Our state has an opportunity to think outside the box to develop new and innovative revenue streams that do not simply rely on passing the burden onto the residents of Connecticut. This is where our time, energy and conversations should be spent on, instead of settling on, implementing policies that negatively impact the overall business climate of our state.
Joseph R. Sculley, President – Motor Transport Association of Connecticut, Inc (MTAC) – Has deep concerns about the immediate fiscal impacts of this bill, as well as longer term economic impact on the State of Connecticut.
Connecticut residents and businesses are being told that $4.3 billion worth of transportation projects are postponed because the Special Transportation Fund will be insolvent and that the state cannot sell bonds on Wall Street. Yet, Section 2 of this bill mandates spending more money. Affiliates of MTAC who specialize in tolling policy have provided high-level cost estimates to MTAC. They state that if an “investment grade” traffic and revenue analysis is done, that by itself is likely a 1 year, $1.2 million study. Layer on top of that a NEPA review, and that could add 6 months to a year, and at least another $1 million, on how extensive the system is that CT is considering. It's probably safe to say that a widely-rumored 70-80 toll gantries can be classified as “extensive”.
Let's not waste any more time money on this highly controversial proposal. No state has ever converted a toll-free interstate to a fully congestion-priced interstate. Connecticut wants to do it for nearly every limited access highway in the state.

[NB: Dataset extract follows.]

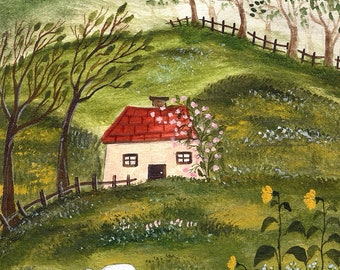 May include: Watercolor painting of a quaint cottage with a red roof nestled in a green, rolling landscape. A white sheep grazes in the foreground, with sunflowers and trees adding to the idyllic scene. A fence and trees line the hillside.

Congestion Pricing Plans Not Like Other States – Congestion pricing exists on interstates in other states because a new, express lane was built. Only the new lane(s) are tolled. Drivers have an option whether to use the toll lanes or stay on the toll-free lanes when the tolls get too high. Connecticut wants to congestion price toll all existing interstate lanes, which is something that no state has ever done before.

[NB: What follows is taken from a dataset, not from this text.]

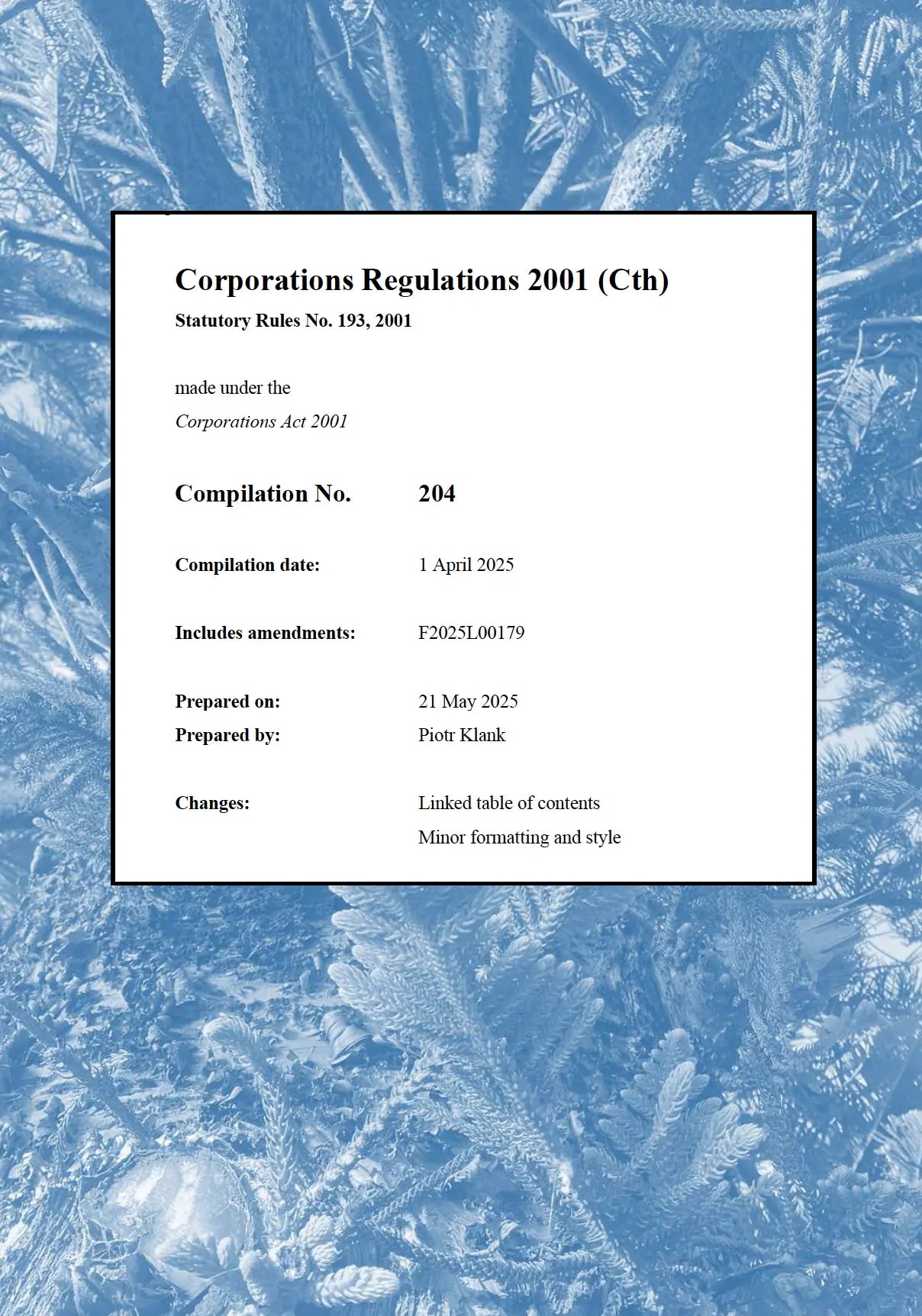 Corporations Regulations 2001 - PK Legislation Legislation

Revenue Can Be Diverted - Motorists Used As Piggy Bank – Claims that toll revenue cannot be diverted from the highway are not true. CTDOT already spends an unsustainable 62% of its operating budget (which is funded by highway users) on transit subsidies. Highway users currently get next to nothing for the taxes and fees they pay, and this proposal is adding insult to injury. Section 10 of the bill requires notification when Special Transportation Fund resources exceed 2.5 times estimate debt service payments for transportation. This is again another signal that the State would continue to tax cars and trucks and spend the money on transit services from which the motorist draw no benefit. There is nothing to prevent the state from bonding at will for transit services and making highway users pay for it. If spending 62% of DOT operating budget on transit is not enough, how high should that ratio go? 70% 90%.?
Lack of Public Input – Section 6 calls for “one public information meeting in the general vicinity of the proposed toll location.” There have been estimates for 70-80 toll gantries across all highways in the state. Where would this ONE public information meeting be?
Exhorbitant Penalties – Section 9 allows penalties of “one hundred dollars for each violation ….” Could a driver who goes from the NY border to New Haven, who hits 12 toll gantries but never receives the bill, be charged penalties of $100 X 12 for $1,200?
Can't Have Tolls Like Other States – Toll supporters point to the fact that surrounding states have tolls, so Connecticut can too. The fact is that federal law currently prohibits Connecticut from installing fixed-rate tolls on our highways. The Mass Pike was built with tolls, The tolls were not installed on the highway decades after the fact. All that the Mass Pike did was simply swap toll booths for electronic tolls. That is why the Mass Pike has fixed-rate tolls, which CT cannot implement on its highways.
MTAC appreciates the passion of toll supporters, but strongly disagrees with them. Congestion price tolling existing lanes is highly controversial. That is why no state has ever done what Ct is trying to do in the 27 years that federal law has in theory allowed it.